# Muzzleloader tag along?



## Isuckathunting (Sep 15, 2019)

I'm in my second year hunting and really interested in muzzleloaders but I've never picked one up. I've read through lots of threads on here about new types, loads, ammunition, all sorts but having never used or seen them in use, I'm not feeling confident enough to purchase or try hunting with one.
I would love to go shoot some and mostly just watch and learn more about them from someone who knows. If anyone in or near cache valley is going to shoot or get ready for the season, and wouldn't mind an extra, I would love to join. If you let me shoot a little, I'll buy your powder and lead, you just have to tell me what to buy because I have no idea. I just want to learn more.

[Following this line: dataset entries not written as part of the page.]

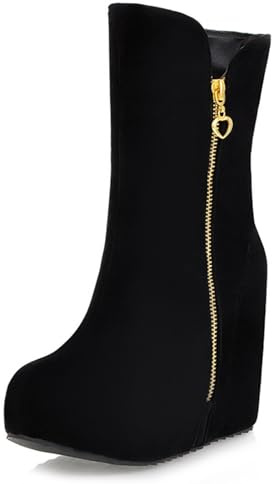 Bviennic Donna Zeppa Stivali con Cernieras Tacco Alto Stivaletti Punta Rotonda Zip Moda Serata Polacchine, K243604Yv Nero Numero 36.5 EU/37Cn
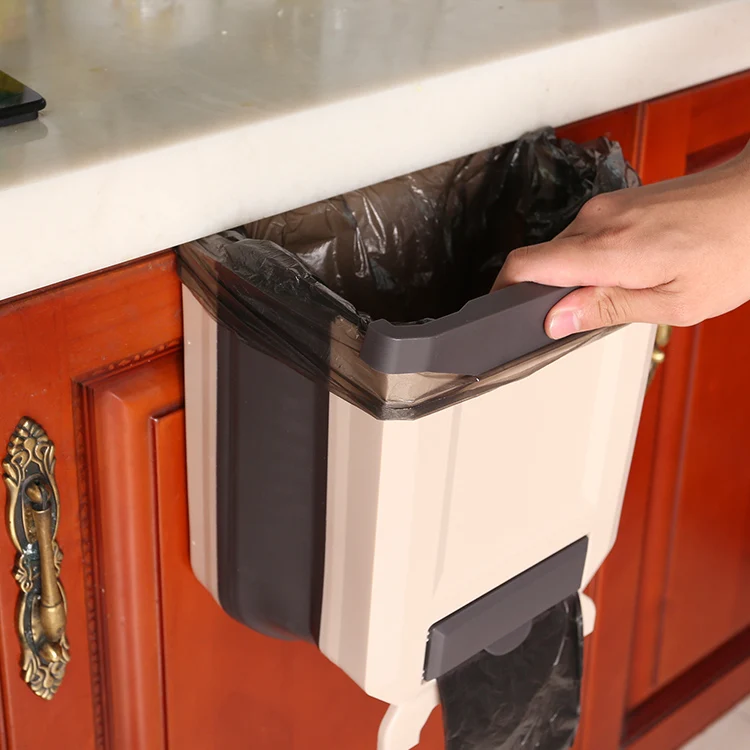 

9 liter kitchen hanging trash can u shape foldable trash bin, White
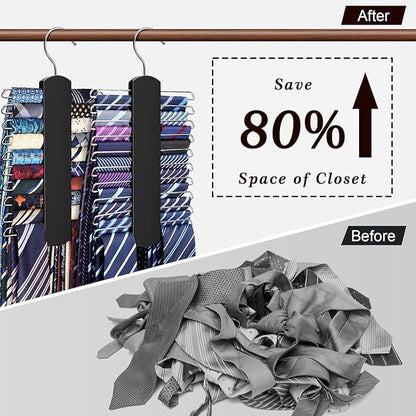 2 Pack Tie Rack for Closet, Premium Wooden Necktie Organizer Storage Tie/Belt Hanger, 360 Degree Swivel Space Saving Ties Holder for Men Hanging 40 Ties Black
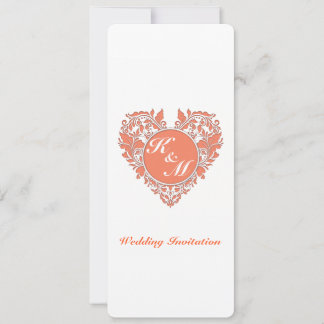 Invitation Corail HeartyParty Et Coeur Damas Blanc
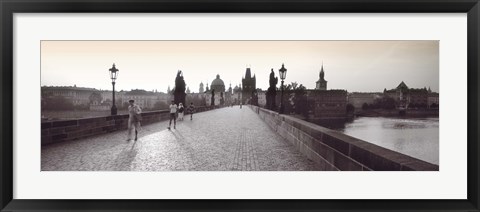 Framed Tourist Walking On A Bridge, Charles Bridge, Prague, Czech Republic Print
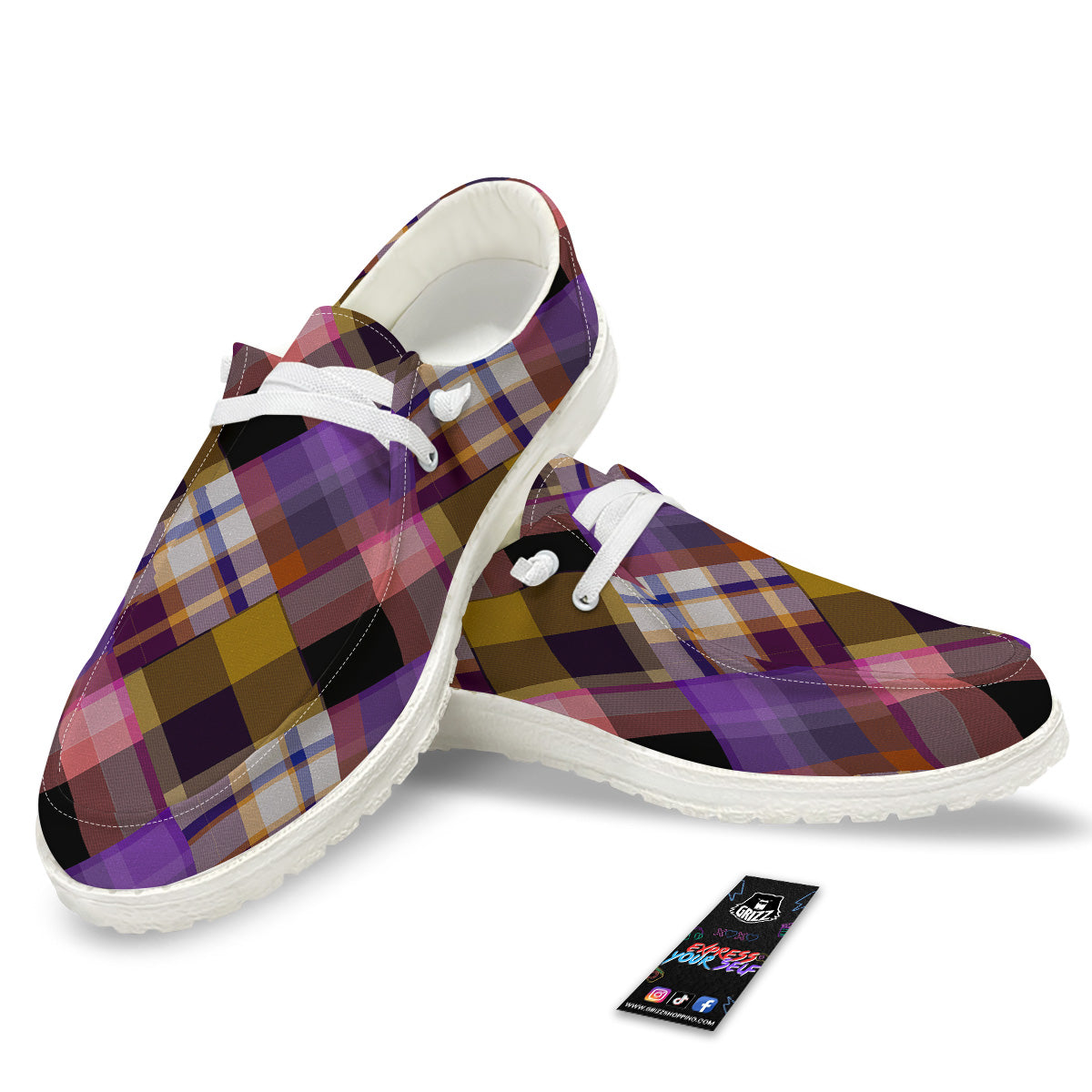 Diagonal Madras Tartan Plaid Print Pattern White Loafers-grizzshop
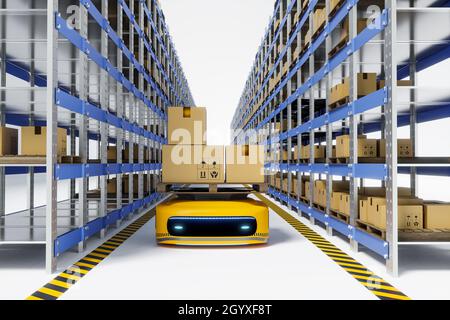 AGV robot working in warehouse, 3D illustrations rendering Stock Photo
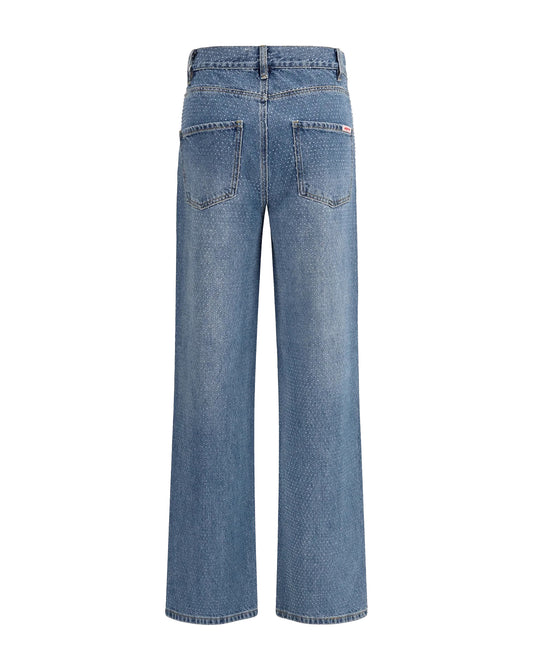 Jeans Straight With Strass, Blue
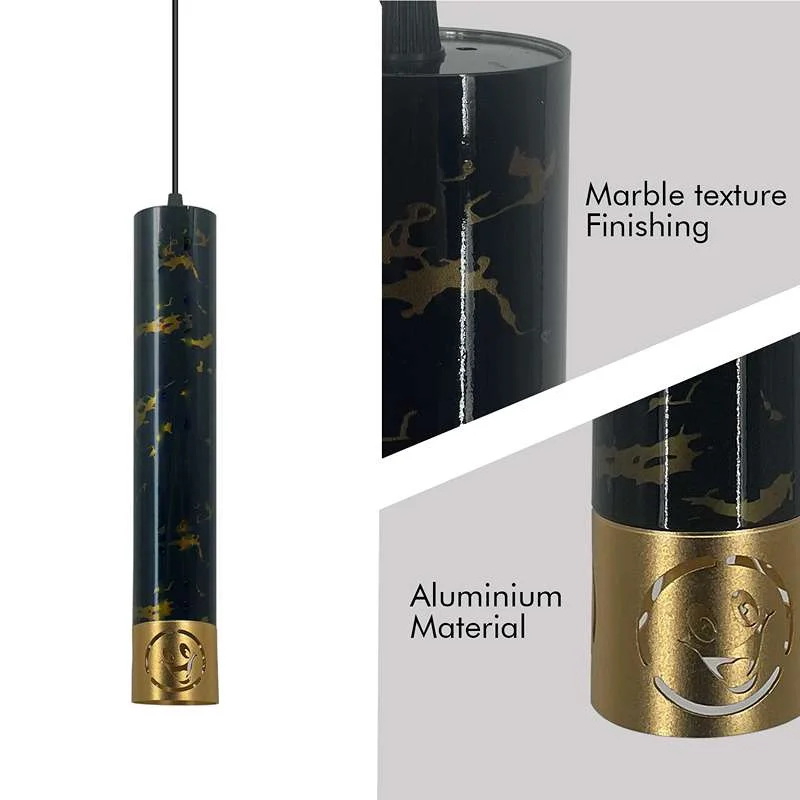 Adjustable pendant light with white aluminium shade, marble texture finish, 95cm cable, GU10 base LED included.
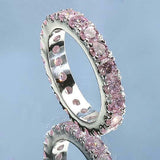 Wholesale Lot 3 Pc Dazzling Pink Topaz CZ Sterling Silver Eternity Band Ring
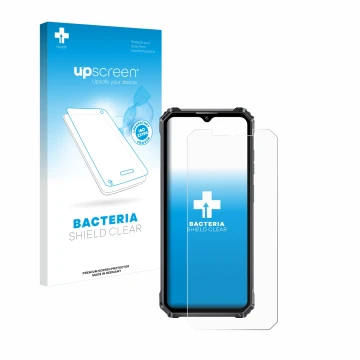 Front side of a product packaging with the brand logo upscreen. Next to it is the device Oukitel WP28 shown with the correspon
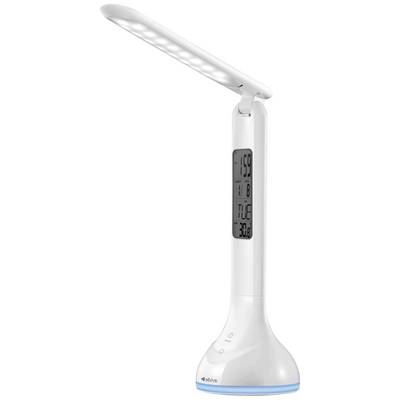 Une lampe de bureau blanche à LED avec un écran numérique affichant l'heure, la date et la température. La lampe dispose d'un col flexible.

Thanks!


----------



## MooseMeat (Dec 27, 2017)

This.

This is how you go about LEARNING. Good job for making a legitimate effort.

Muzzleloaders look scary from the outside, but they really aren’t that difficult to learn or hard to figure out. It’s a lot harder to blow yourself up than you think if you have a little common sense. I’m a long way from cache valley, but if you ever making it down to utah county in the next month or so, hit me up, I’ll be happy to show you how to get started. I’ve even got an easy muzzy for you to learn on and plenty of powder and Bullets for you to shoot.


----------



## Rmanwill (Mar 5, 2021)

👍


----------



## Bhilly81 (Oct 18, 2009)

I will be more than happy to take you out and "play" with my muzzle loaders. They are tons of fun and super easy to use. I was the same way when I first got into them and I had a buddy help me out and get me setup with them. I am located in Utah County but I typically do ,y shooting up in the Heber valley at the shooting range as I also work up there on occasion as well.


----------



## CROC (Sep 12, 2007)

When the draw comes out, I hope to have drawn Cache again. I will be shooting starting sometime in July in Perry. You are welcome to come tag along for any or all of it.


----------



## Isuckathunting (Sep 15, 2019)

Thanks everyone, I appreciate the replies on this. I ended up going out last year with someone who kind of showed me the ropes of muzzleloaders. It is a blast, I loved it and it's probably my favorite hunt season I've experienced so far. I probably don't need to go shoot with anyone else at this point as I'm comfortable enough on my own. 

However, if any other beginners are feeling like they need some help getting started, I'm happy to pay it forward for someone else.


----------